Autre oubli de la loi, le f-Commerce qui passe par les plateformes des GAFA. L’actualité coïncide avec l’avènement d’un nouveau service sur Facebook qui permet d’acheter et de vendre en ligne à ses abonnés en Algérie d’abord sur le modèle de l’annonce vitrine, ensuite bientôt par paiement électronique. Conséquence fulgurante, le site de vente sur le web Ouedkniss vient d’être délogé par Facebook de la 4e place dans le classement Alexa des sites visités par les Algériens. En réalité, la loi réfléchit plus à contrôler les acteurs du e-Commerce du côté de l’offre de biens et de services que de réguler de manière équitable un instrument de digitalisation de la vie active des citoyens. Reste le plus inquiétant. Le gouvernement n’a toujours pas institué l’instance de certification de la signature électronique. La sécurité des transactions électroniques n’est toujours pas couverte légalement en Algérie. Personne ne veut s’y coller ? Normal, c’est le propre même d’une vacance de la gouvernance.En attendant, commercer sur internet est bien parti pour se faire au noir en Algérie. Atavisme résistant.
L’exclusion par la Cour européenne des territoires sahraouis de l’accord de pêche avec l’Union européenne est ici l’occasion de rappeler combien l’économie marocaine reste dépendante du secteur primaire. Ce ne sont pas les efforts de diversification qui ont manqué ces dernières années. Ils s’évaluent notamment dans les chiffres de l’exportation des biens manufacturés avec le passage à 14% des biens exportés classés à contenu de haute valeur technologique.
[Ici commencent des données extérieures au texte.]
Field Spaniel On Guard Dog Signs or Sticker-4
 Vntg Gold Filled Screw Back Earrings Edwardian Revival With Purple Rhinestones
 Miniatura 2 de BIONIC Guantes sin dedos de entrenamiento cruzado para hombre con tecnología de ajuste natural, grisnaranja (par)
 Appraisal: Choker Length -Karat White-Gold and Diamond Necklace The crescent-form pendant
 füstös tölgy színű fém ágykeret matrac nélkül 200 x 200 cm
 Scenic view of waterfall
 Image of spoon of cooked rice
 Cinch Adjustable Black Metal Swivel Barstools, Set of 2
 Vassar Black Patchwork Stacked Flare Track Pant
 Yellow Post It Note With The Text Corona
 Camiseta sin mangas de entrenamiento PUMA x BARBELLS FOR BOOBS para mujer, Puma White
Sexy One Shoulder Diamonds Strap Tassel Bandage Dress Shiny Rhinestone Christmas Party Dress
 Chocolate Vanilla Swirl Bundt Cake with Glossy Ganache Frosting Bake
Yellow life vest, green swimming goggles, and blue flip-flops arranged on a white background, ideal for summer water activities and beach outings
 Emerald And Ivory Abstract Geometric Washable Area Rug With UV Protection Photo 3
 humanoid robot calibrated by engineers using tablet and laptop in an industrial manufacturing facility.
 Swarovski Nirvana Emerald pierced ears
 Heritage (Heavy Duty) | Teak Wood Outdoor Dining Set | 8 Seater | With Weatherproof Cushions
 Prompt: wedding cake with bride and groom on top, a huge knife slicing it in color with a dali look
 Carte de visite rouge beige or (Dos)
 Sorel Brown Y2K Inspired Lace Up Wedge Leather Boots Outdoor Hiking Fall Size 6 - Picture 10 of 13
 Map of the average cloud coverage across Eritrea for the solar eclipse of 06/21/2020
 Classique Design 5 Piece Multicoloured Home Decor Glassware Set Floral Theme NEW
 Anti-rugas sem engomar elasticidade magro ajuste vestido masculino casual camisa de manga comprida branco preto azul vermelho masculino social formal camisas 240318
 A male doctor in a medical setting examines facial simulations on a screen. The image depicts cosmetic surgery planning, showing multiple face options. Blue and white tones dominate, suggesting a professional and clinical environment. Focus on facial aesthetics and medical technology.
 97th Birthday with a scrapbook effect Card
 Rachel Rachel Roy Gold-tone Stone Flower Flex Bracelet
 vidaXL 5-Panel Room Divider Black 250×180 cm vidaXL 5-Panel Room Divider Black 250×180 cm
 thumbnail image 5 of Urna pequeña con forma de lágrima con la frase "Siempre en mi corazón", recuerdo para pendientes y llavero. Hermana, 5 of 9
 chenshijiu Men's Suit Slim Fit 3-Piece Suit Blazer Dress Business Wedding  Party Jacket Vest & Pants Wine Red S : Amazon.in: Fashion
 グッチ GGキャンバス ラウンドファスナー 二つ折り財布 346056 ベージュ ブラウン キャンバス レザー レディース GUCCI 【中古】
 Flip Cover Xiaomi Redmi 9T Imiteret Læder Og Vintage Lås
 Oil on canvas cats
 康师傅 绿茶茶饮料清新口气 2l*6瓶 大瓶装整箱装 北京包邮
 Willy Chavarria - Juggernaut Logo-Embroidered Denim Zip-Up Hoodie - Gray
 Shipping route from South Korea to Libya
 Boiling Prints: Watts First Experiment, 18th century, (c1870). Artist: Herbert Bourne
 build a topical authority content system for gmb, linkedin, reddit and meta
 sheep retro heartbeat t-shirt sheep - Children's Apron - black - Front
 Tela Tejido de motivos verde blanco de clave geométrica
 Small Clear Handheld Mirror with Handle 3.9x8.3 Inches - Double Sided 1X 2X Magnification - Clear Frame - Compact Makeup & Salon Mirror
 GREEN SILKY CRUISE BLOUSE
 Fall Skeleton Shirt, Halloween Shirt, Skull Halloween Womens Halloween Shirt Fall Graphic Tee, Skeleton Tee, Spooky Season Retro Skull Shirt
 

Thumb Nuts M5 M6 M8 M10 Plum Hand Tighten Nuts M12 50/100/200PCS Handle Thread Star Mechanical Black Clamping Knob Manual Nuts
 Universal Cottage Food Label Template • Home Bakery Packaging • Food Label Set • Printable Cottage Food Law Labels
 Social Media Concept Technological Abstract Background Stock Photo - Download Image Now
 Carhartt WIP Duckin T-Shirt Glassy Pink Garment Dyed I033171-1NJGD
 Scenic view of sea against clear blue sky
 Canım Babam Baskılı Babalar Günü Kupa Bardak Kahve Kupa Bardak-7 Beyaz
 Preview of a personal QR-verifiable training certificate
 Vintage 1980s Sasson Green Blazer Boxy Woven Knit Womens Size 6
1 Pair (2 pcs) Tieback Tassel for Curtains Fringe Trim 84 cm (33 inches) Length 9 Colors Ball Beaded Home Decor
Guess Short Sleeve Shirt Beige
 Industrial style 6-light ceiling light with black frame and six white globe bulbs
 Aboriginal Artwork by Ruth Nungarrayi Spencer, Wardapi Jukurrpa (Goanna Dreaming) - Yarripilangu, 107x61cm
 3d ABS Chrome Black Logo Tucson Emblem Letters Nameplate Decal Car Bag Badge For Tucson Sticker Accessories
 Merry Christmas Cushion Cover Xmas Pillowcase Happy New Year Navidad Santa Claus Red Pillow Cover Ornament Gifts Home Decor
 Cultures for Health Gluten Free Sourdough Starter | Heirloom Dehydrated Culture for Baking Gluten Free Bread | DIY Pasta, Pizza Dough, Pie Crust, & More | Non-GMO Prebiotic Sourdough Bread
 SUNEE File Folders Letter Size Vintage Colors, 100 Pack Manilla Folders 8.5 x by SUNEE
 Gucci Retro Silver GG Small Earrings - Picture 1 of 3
La production manufacturière a approché les 30% de la production domestique en 2017. Mais il a suffi d’une forte progression de la production agricole en 2017 par rapport à une récolte de 2016 sinistrée par la sécheresse pour impacter tout le tableau d’activité de l’économie marocaine. 2017 a donc été une année de rebond de la croissance grâce notamment à la pluviométrie appréciable du premier semestre de l’année. Un archaïsme persistant dans les notes de conjoncture du Haut commissariat au plan. Il divise son analyse en approche globale et hors agriculture. Comme en Algérie pour le hors hydrocarbures. Ceci pour rappeler qu’une politique de diversification des exportations met de longues années à modifier la structure d’une économie. Et que l’Algérie perd du temps à ne pas l’entamer sérieusement.